С обещанным Керенским контролем над правящей «буржуазией» ситуация была сложнее. Лидеры Петроградского Совета привыкли говорить, а не контролировать. Керенский, «не спавший несколько ночей, затративший нечеловеческое количество нервной энергии… ослаб до тривиальной истерики, жаловался, что против него все интригуют». В действительности эти истерики постоянно увлекали рядовых представителей Совета. (Позднее нечто подобное произойдет с Л. Д. Троцким.) Руководителям Совета оставалось только разводить руками.
Симбиоз правительства и Совета был невымученным и противоестественным. Но лидеры последнего не заметили, что попали в своеобразную политическую ловушку. Утопии и иллюзии – а именно они правили бал в первые дни революции – словно выключили политический разум. И тогда событиями все основательнее стал управлять социальный инстинкт.
Приказ отнюдь не был продуктом социалистического теоретизирования, напротив, он был навязан недоумевающим лидерам Совета эмоциями солдатской массы.

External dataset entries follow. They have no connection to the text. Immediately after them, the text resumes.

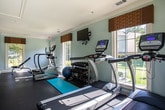 This single-story fitness center in Peachtree Corners, Georgia, offers a well-equipped exercise space designed to support a range of workout routines. The interior is finished with soft blue-green walls, white crown molding, and dark rubber flooring throughout, creating a clean and functional environment.

The main workout area is generously proportioned, accommodating multiple cardio machines including True-brand treadmills and an elliptical trainer. A rack of dumbbells, a stability ball, a yoga mat, and an adjustable weight bench provide options for strength and flexibility training. A wall-mounted flat-screen television adds convenience for entertainment during workouts.

Natural light fills the space through several large windows adorned with warm, patterned valances. A standout window overlooks an outdoor pool area, offering a pleasant view during cardio sessions. An exterior door with a glass panel provides additional light and direct outdoor access.

A small entry corridor connects the fitness room to an adjacent space and includes a water cooler station for hydration convenience. The overall layout is practical and accessible, with an exit-marked door ensuring safe egress. Crown molding and consistent finishes throughout lend a polished, well-maintained character to the facility.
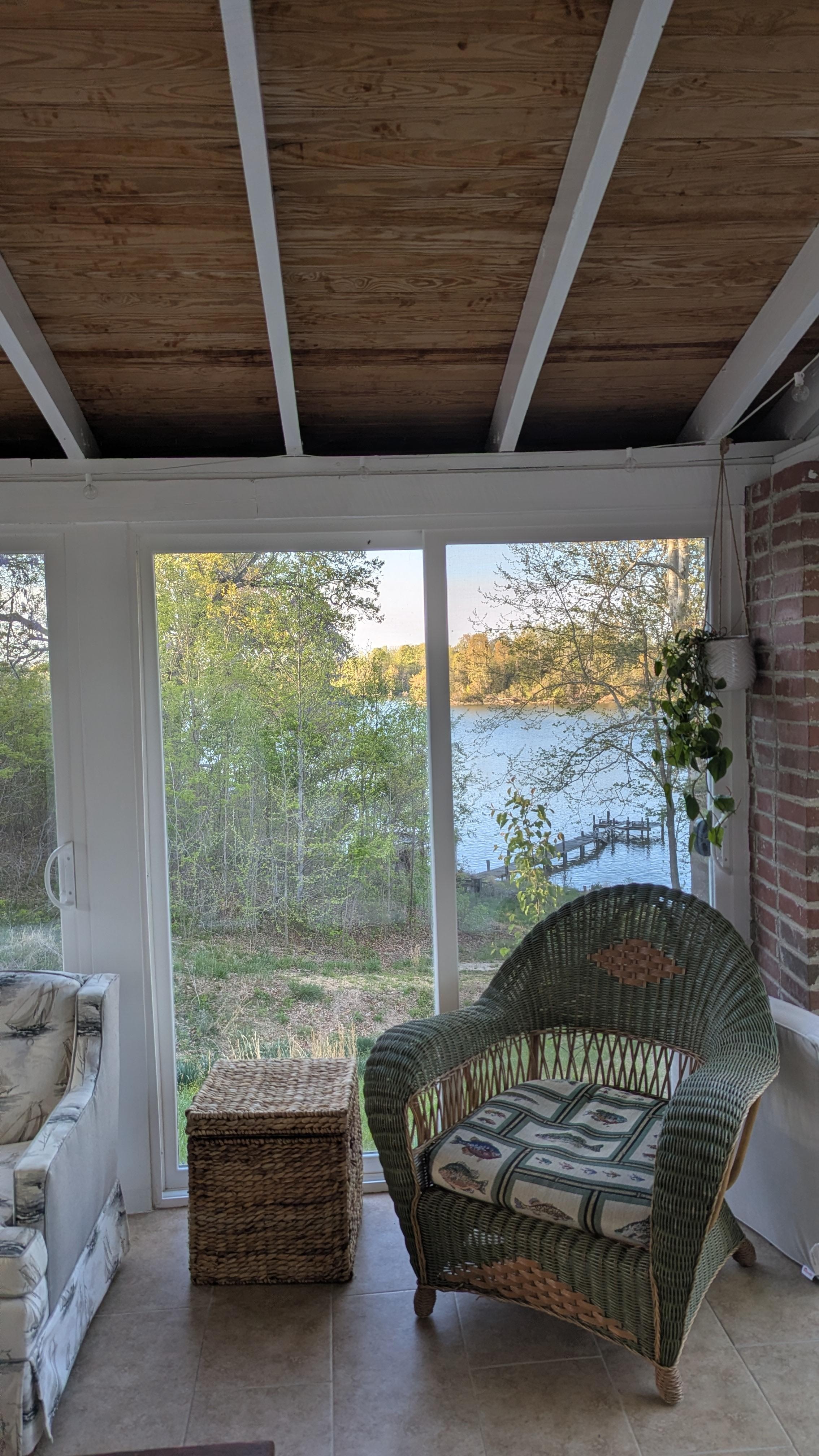 Closes in porch area over looking the river. Porch had all sorts of lawn games to ise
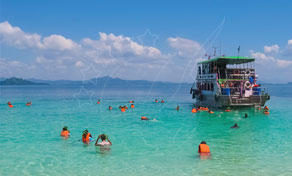 Mergulhadores de snorkel com coletes salva-vidas laranja nadam em águas turquesa rasas junto a um barco de excursão de madeira perto de uma ilha tropical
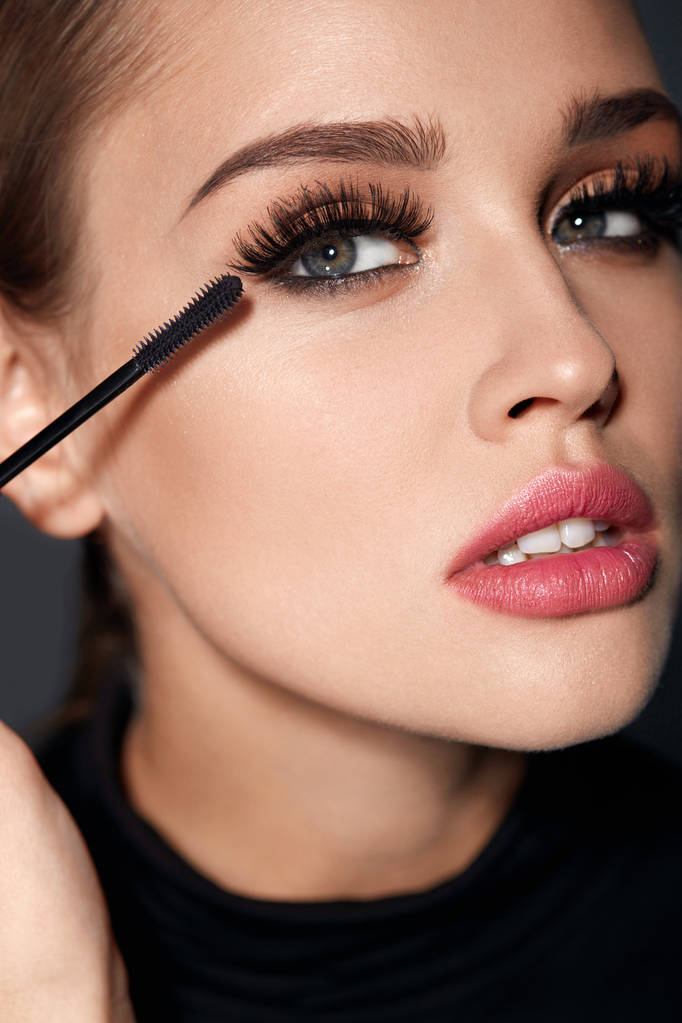 Long Black Eyelashes. Woman With Makeup Applying Cosmetics - Photo, Image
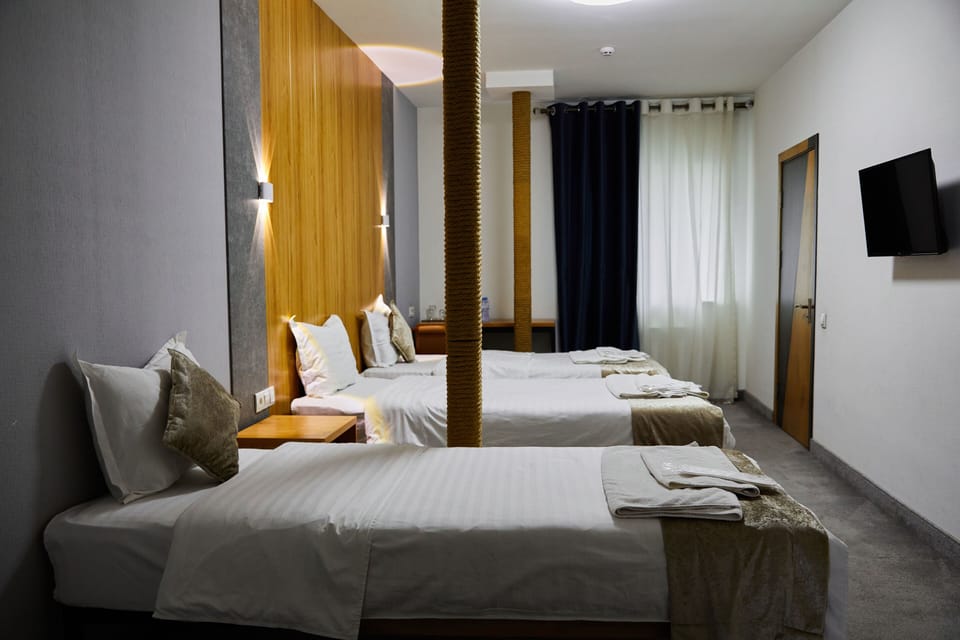Economy Triple Room | Premium bedding, desk, blackout drapes, soundproofing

Н. Н. Суханов застал в посещении Совета 1 марта следующую картину:
…За письменным столом сидел Н. Д. Соколов… его со всех сторон облепили сидевшие, стоявшие и наваливавшиеся на стол солдаты и не то диктовали, не то подсказывали Соколову то, что он писал… Никакого порядка и никакого обсуждения не было, говорили все – все, совершенно поглощенные работой, формируя свое коллективное мнение безо всяких голосований…
Такова история этого документа, завоевавшего себе такую громкую славу… Вызван он был общими условиями революции…

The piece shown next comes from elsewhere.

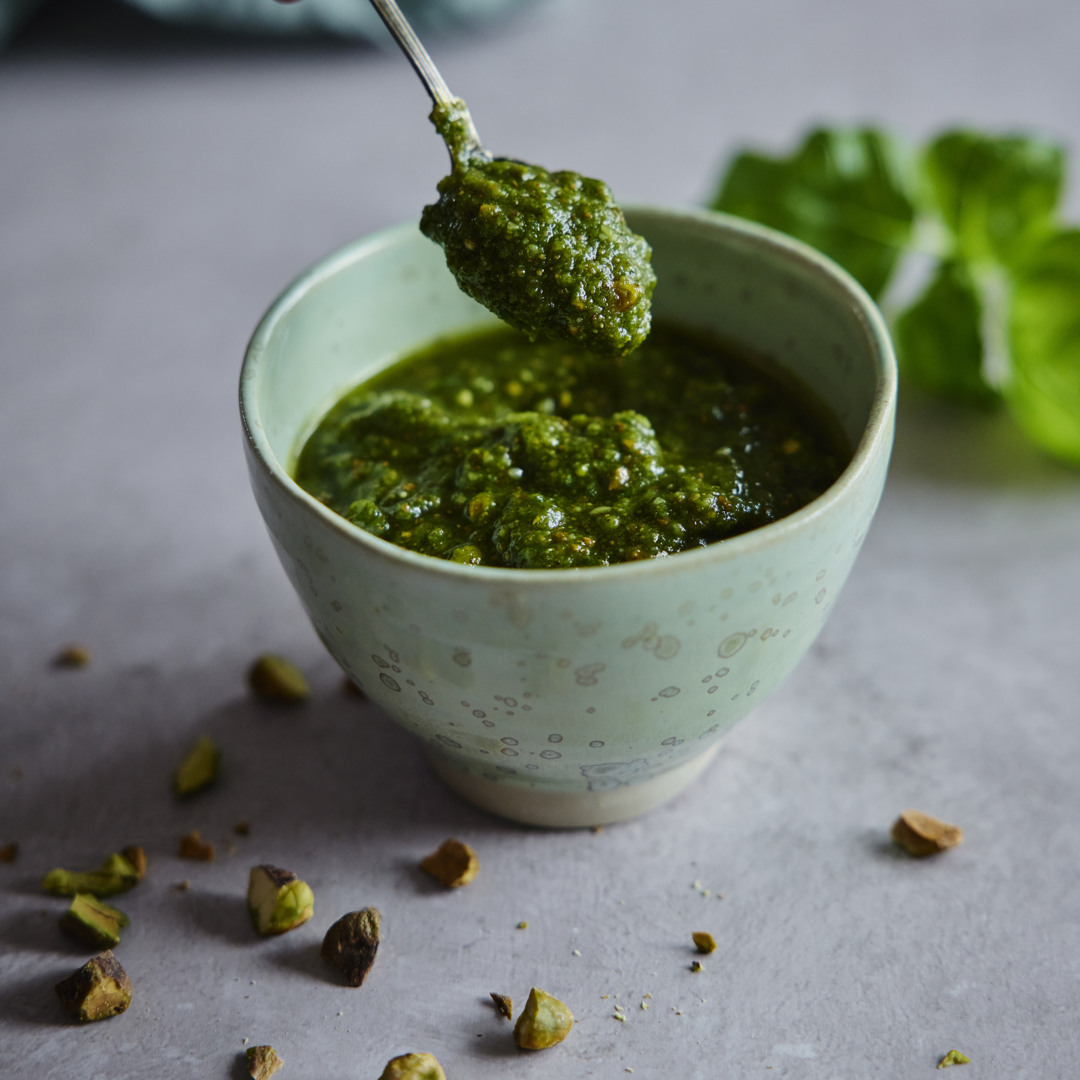 Nærbillede af en skål med hjemmelavet pesto toppet med pistacienødder.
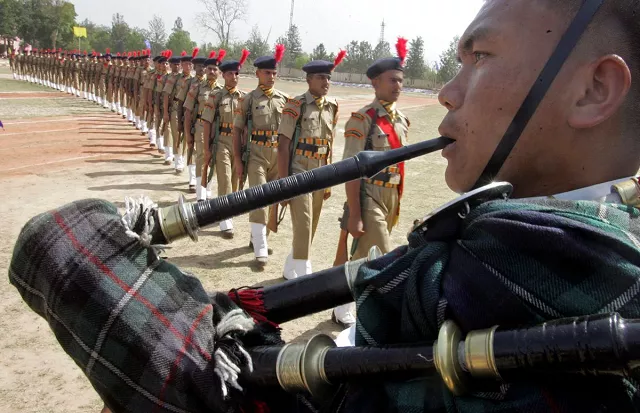 a band member from the gurkha regiment of indian army plays a musical instrument during the passing out parade ceremony of indo tibetan border police in the northern indian city of chandigarh april 25 2008 photo reuters a band member from the gurkha regiment of indian army plays a musical instrument during the passing out parade ceremony of indo tibetan border police in the northern indian city of chandigarh april 25 2008 photo reuters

Приказ этот был в полном смысле продуктом народного творчества, а ни в коем случае не злонамеренным измышлением отдельного лица или даже руководящей группы… Буржуазная пресса, вскоре сделавшая этот приказ поводом для бешеной травли Совета, почему-то приписывала авторство его Стеклову, который неоднократно открещивался от него… Соколов… явился лишь техническим исполнителем предначертаний самих масс… Со стороны пленума Совета это был едва ли не единственный акт самостоятельного политического творчества за всю революцию…
Из тогдашних благих намерений выросло нечто противоестественное для профессиональной армейской среды. «Военная психология показывает, что трусость легко воспринимает либеральное, оппозиционное и пацифистское резонерство, заражающее массы… – отмечал психиатр Н. В. Краинский. – Армия должна принять войну, как факт. Она должна удовлетворяться своими лозунгами и слепо подчиняться дисциплине…» Попросту говоря, нельзя допускать, чтобы внутри этого «орудия империи» пробудился человек с его разнородными житейскими устремлениями. Однако Приказ № 1 объективно оказался направлен именно на это.